When some cooperating partner sends you a "start" event, they probably ought to await your "ack" before embarking on anything adventurous. Else they won't know whether you (A.) heard and (B.) recorded the event. That is to say, lack of acknowledgement invites races and lost events when hosts might randomly reboot.

Ideally that partner would persist such events to stable storage on their own, before beginning an expensive operation.

Given that apparently there there's no ACKs, it sounds like your app needs to persist the event as soon as feasible, either across the LAN to a redundant host, or to a filesystem. A simple approach is to

  • receive the partner's message
  • write() a line, appending to a text file
  • fsync() to flush it from memory to disk / NVRAM / SSD

When you receive "completed" events, and when you execute "terminate" commands, log those as well. No need to fsync at once. Presumably other events arrive with some frequency, and they will flush all pending log records out to disk before long.

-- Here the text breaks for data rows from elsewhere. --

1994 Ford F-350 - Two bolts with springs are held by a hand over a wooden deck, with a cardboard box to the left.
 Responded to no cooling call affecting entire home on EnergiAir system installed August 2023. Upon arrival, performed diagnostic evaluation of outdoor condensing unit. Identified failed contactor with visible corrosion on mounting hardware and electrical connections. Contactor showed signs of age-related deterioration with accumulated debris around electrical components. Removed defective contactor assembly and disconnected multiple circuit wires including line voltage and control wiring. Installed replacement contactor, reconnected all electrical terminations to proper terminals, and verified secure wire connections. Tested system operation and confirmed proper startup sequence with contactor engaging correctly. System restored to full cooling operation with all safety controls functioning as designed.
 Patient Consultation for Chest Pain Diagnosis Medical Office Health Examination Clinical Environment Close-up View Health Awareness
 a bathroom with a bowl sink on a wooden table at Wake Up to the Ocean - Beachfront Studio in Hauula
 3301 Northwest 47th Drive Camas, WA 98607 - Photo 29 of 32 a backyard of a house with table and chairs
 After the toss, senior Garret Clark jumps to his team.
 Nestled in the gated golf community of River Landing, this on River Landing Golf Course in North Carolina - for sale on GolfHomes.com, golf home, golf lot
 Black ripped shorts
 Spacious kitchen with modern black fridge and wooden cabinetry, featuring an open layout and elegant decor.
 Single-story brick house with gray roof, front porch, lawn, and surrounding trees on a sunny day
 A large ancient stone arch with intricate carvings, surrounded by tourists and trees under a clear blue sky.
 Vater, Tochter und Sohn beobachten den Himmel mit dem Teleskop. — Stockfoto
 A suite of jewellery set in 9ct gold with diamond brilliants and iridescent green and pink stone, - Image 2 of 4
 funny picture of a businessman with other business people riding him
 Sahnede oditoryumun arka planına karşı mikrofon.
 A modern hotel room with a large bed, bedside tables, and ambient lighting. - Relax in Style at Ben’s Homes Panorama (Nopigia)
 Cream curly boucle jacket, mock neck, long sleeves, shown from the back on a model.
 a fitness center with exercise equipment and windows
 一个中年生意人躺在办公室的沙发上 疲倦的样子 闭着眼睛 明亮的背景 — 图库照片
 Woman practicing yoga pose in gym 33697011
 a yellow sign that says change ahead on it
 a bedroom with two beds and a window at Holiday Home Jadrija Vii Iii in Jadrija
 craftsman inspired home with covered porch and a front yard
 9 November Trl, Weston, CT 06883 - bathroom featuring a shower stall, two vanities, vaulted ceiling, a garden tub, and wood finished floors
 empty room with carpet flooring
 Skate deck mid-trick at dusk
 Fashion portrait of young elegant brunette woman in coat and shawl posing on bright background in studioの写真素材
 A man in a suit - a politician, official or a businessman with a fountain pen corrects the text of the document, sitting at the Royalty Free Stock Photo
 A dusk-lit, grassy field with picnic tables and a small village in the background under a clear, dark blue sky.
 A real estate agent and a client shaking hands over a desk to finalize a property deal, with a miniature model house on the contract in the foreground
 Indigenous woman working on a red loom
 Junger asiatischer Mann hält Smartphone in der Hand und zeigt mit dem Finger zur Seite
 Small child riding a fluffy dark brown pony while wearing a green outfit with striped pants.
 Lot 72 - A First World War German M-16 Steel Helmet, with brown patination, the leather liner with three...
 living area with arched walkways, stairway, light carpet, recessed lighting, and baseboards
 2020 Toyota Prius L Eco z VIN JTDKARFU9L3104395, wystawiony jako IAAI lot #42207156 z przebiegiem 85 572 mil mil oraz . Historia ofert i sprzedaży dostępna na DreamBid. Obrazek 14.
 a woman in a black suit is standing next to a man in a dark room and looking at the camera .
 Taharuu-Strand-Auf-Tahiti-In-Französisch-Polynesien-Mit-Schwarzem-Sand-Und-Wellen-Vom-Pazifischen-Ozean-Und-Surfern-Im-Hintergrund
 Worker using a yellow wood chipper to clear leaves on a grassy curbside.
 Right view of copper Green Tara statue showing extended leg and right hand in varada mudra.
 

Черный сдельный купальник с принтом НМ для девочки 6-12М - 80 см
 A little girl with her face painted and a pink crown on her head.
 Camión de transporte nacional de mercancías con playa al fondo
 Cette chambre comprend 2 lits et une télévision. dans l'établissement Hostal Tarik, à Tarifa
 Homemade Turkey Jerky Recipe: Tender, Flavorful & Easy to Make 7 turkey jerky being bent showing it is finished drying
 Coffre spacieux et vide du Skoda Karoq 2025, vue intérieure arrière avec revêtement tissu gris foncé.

Upon restarting, just seek to near the end of the file and replay all logged events, setting up a bunch of timeout counters, and canceling them when the log reveals that they already finished. Some timeouts may fire immediately after we finish reading the log, because they are stale. Presumably it is harmless to issue a terminate(task_id) command for a task that already did a normal exit.


An alternate strategy, which does not depend so heavily on accurate logging, is to query the status of all currently running jobs when you come up. Set a conservative timeout in the somewhat distant future, and hope you stay up long enough to see such a time arrive.

Or use extra information, such as each task's size and start_time, to pick more sensible timeout values.


Consider using kafka, redis, or similar distributed message brokers to coordinate your cluster's actions, rather than relying on filesystem or RDBMS. There are low latency solutions available which do a good job of balancing Consistency, Availability, and Partition tolerance.